The Bar Pro Bono Unit expects to see the number of cases levelling out, not due to a reduction in need, but because of the closure of the legal advice centres that refer cases to it.
Some more cynical legal aid lawyers suggest that it is not poor clients but rich lawyers who benefit most from much pro bono work. While it is invariably City firms that pick up awards for their commitment to free services and boast about it on their websites, the amount of unpaid work they do is tiny, compared with the unsung pro bono undertaken by legal aid firms across the land.
From barristers challenging parking fines to codifying the law of an entire country; from student lawyers appealing fitness-to-work decisions, to solicitors advising charities, and legal aid lawyers doing free work on a daily basis to plug the gaps in the funding scheme, the breadth of pro bono work done by lawyers of all kinds is vast.
A growing need for help
A Law Society survey published last year (The pro bono work of solicitors – PC Holder survey 2015, November 2015) showed that 43 per cent of private practice solicitors had undertaken pro bono work in the 12 months preceding the survey, doing an average of 53 hours, worth an estimated £592m.

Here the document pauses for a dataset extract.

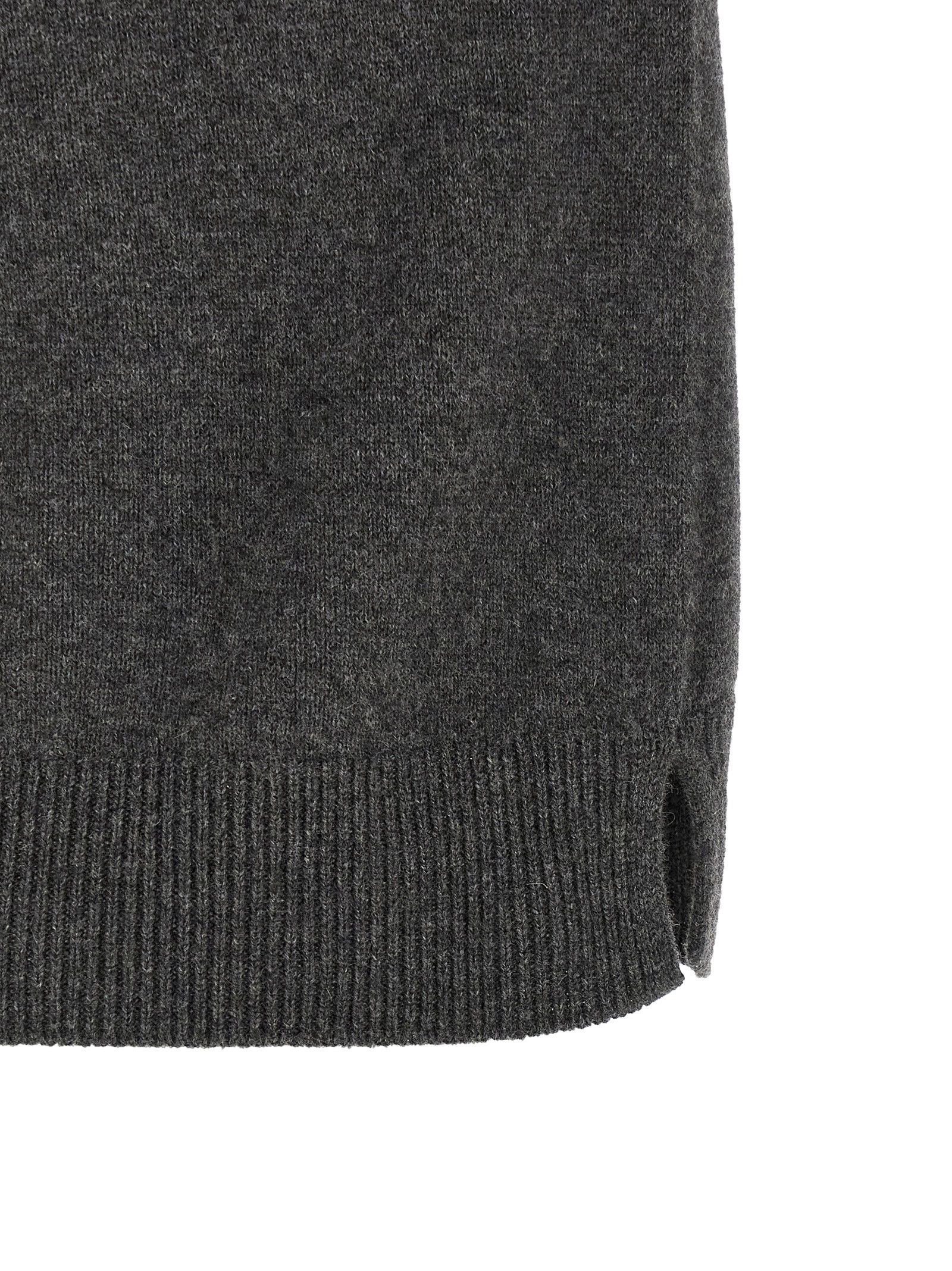 Max Mara 'Quercia' Turtleneck Sweater Size L / US 10 / IT 46 - 4 Thumbnail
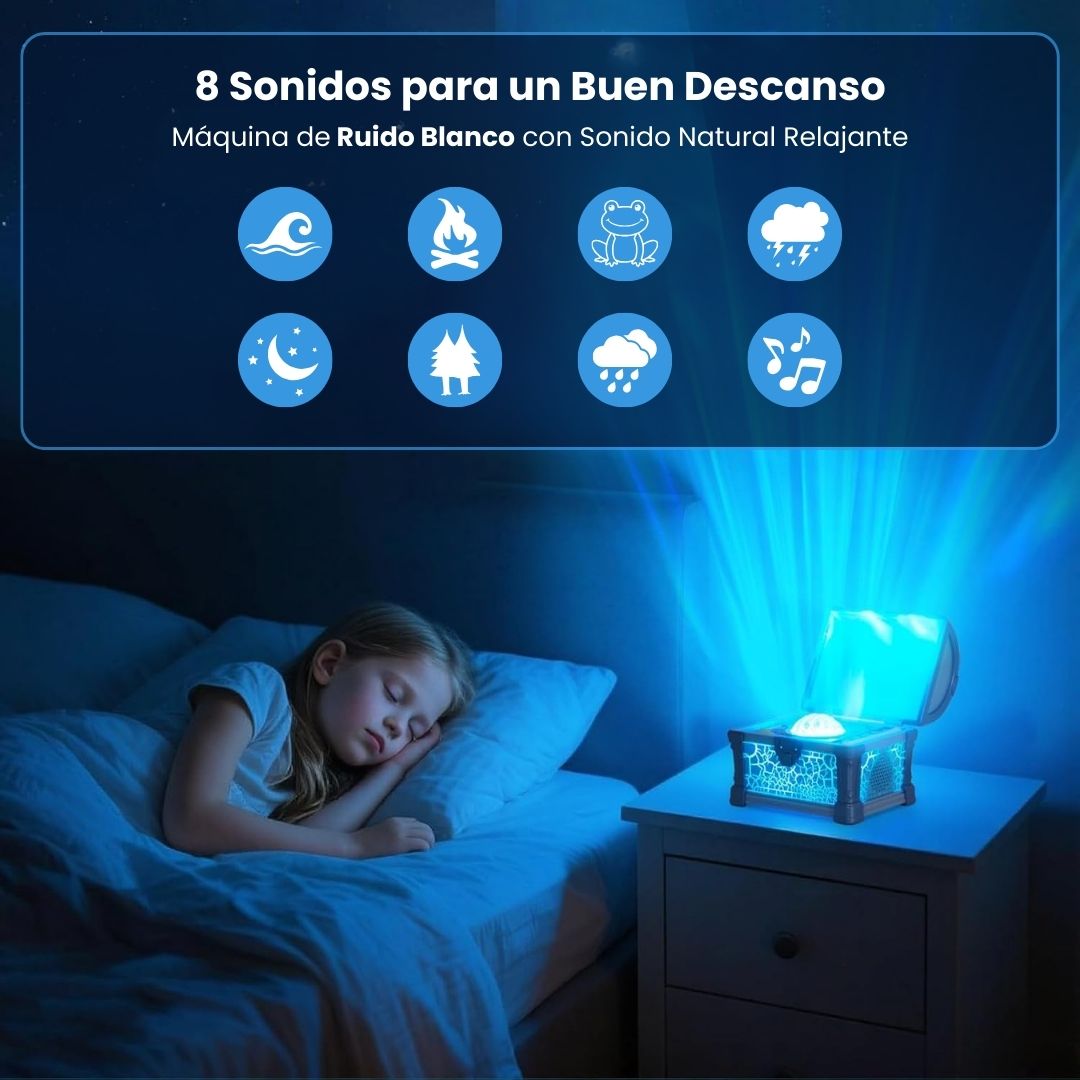 Cofre Proyector de Auroras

Around 3,600 barristers – including a third of all QCs – volunteer with the Bar Pro Bono Unit (BPBU), which celebrates its 20th anniversary this year, and legal executives contribute through the CILEx Pro Bono Trust.
But the need is great and growing, says Michael Napier QC, who served as the Attorney-General’s pro bono envoy from 2001 to 2015: ‘Throughout history, and well before the cuts in legal aid began a decade and a half ago, the legal needs of many could not be met without the help of a pro bono lawyer.’
Domestically, the dramatic cuts to legal aid, especially those implemented by LASPO, have increased that level of unmet need ‘exponentially’, says Napier, ‘posing a major problem for the Ministry of Justice and a daunting challenge for the pro bono lawyers who try to plug the ever-widening gap’.
But, he warns, however much free work lawyers do, it will never be enough ‘because the gap is widening all the time’.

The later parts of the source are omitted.